明らかに都会とは違う陽光の眩しさ。
庵に近づくにつれ、空気が澄んでいくことが肌にも胸にも感じられます。
この生成りの自然が残る山里に、陶芸のために建てられた古い民家があります。
敷地内の野原は、鬼ごっこをして駆け回れるほどに広く、側には小川のせせらぎ。建物の裏山は椿に覆われ、登り窯が築かれています。ここの主が、茶道の師範でもある小林先生。都内の高校で国語教師として40年程努める間、教え子たちに茶道と陶芸を教えてきました。
2003年春より居を移し「みんなで遊べりゃいいんですよ」との言葉通り、のんびりと日本の伝統文化と自然にふれる場を作るに至ったのです。レッスンは手びねりから始め、ゆくゆくは電気釜でも良いので、各自で焼けるよう育ってほしいと願っているそう。
遠足気分で朝から日暮れまで過ごし、沢に沈む夕日を見て帰って下さい。

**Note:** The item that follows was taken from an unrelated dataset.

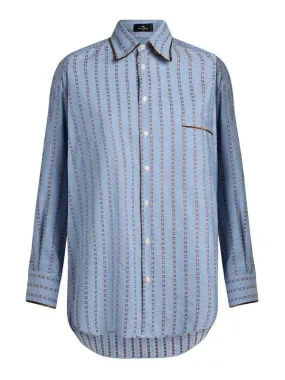 Etro Oversized Light Blue Jacquard Cotton Shirt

お土産に山野草や、山の幸を摘んで帰りたくなる、そんな隠れ家です。
人の心を落ち着かせ、和ませる抹茶。日本に伝えられたのは今からおよそ八百年くらい前の鎌倉時代です。
やがて室町時代そして続く桃山時代に、抹茶を飲みながら豊かな時を過ごす工夫がなされて、日本独特の文化「茶の湯」が生まれました。
その後、茶の湯も時代とともに変遷を続け、風流な遊びから社交接待に至るまで拡がり、やがて稽古事という、作法を中心とした茶道が今日まで続いてきました。
当家もそうした流れをくむ茶家の一つで、江戸千家と称しています。